Is Evan Bayh Ripe To Pull A Reverse Specter?
Ryan Nees, writing in Indiana’s Howey Politics, looks at Bayh’s tack to the right and says "there’s a future for Evan Bayh" in a "radicalized shell" of the Republican party:
What bizarre timing for the final break, it would seem, given that the Democratic Party’s popularity is at its highest point in Bayh’s political career, and Indiana, after all, voted in 2008 for the Democratic candidate for President, the first time since 1964. Yet this also makes sense, as Bayh has come to recognize that his future in the Barack Obama-dominated Democratic Party is dim: he was passed over for vice president, never emerged as a Claire McCaskill-like confidant, and became an irrelevant bridge to a sinking Clintonian ship when Obama deftly neutralized Hillary Clinton’s internal opposition by making her secretary of state.
Bayh’s reaction has been to position himself as the most obstructionist Democrat in Congress, just in case Obama’s popular presidency goes south. Bayh’s installed himself leader of a “Blue Dog” caucus in the Senate of 16 moderate Democrats, who meet regularly with the implicit purpose of putting the et tu brakes on Obama’s legislative agenda; or as Bayh put it in the Washington Post, “Many independents voted for President Obama and the contours of his change agenda, but they will not rubber-stamp it.”
In March, Senate Republican Leader Mitch McConnell gleefully read one of Bayh’s anti-Obama screeds from the Wall Street Journal into the Congressional Record, suggesting as Bayh did that Obama “jeopardized [his] credibility” on the deficit with the proposed omnibus budget. Last week, Bayh was one of only three Democrats to vote no. “If you’re going to get to 60 votes in the Senate, you’re going to need the vast majority of this group. We can be the fulcrum upon which policy will balance,” Bayh threatened last month.
So this is as good a time for Bayh as any other to bolt, for him and for the Republican Party. It needs to retool to the realities of a realigning electorate, and Bayh could be a perfect GOP response to what may end up being a presidency of liberal overreach (think a former Democrat as a “New Republican”). And he needs a new party to entertain his ego, which is surely becoming exhausting to Obama and Senate Majority Leader Harry Reid.
As Specter finds his “political philosophy more in line with Democrats than Republicans,” Bayh might ask himself the same question. He could follow the Pennsylvanian’s lead, and be just as politically self-serving in his answer. Why not become that new voice of the Republican Party? The door might not even hit him on the way out.
Bayh’s popularity continues to be strong in Indiana,. With a 74% approval rating and an $11 million war chest (much of it left over from his Presidential bid) the Republicans probably won’t try to field anyone against him in 2010.
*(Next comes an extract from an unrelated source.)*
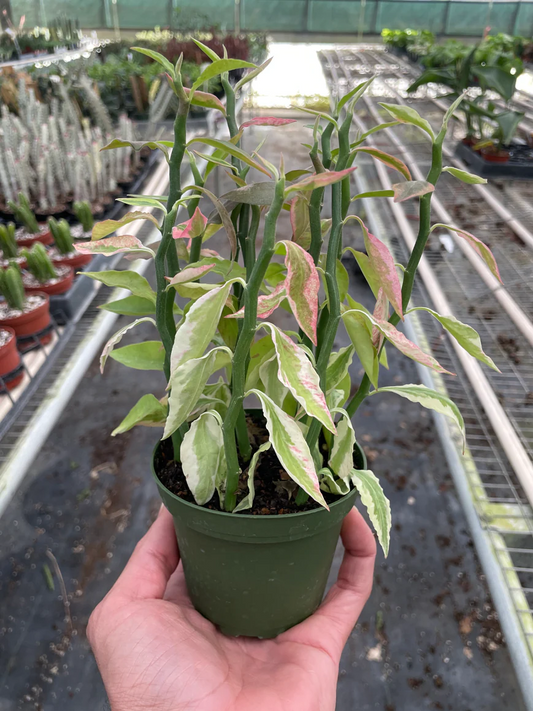 4in Euphorbia Variegated Devil's Backbone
But Obama’s Indiana victory indicates that Bayh and the state may moving in the opposite political direction. And I’ll just note that although it’s anecdotal, the kind of persistent local progressive discontent coming out of Indiana about Bayh is the kind of thing we look for when we’re assessing whether a candidate would be vulnerable to a primary challenge.
Joe Lieberman had a 68% approval rating in Connectibut in August 2005. Obviously, that didn’t tell the whole story.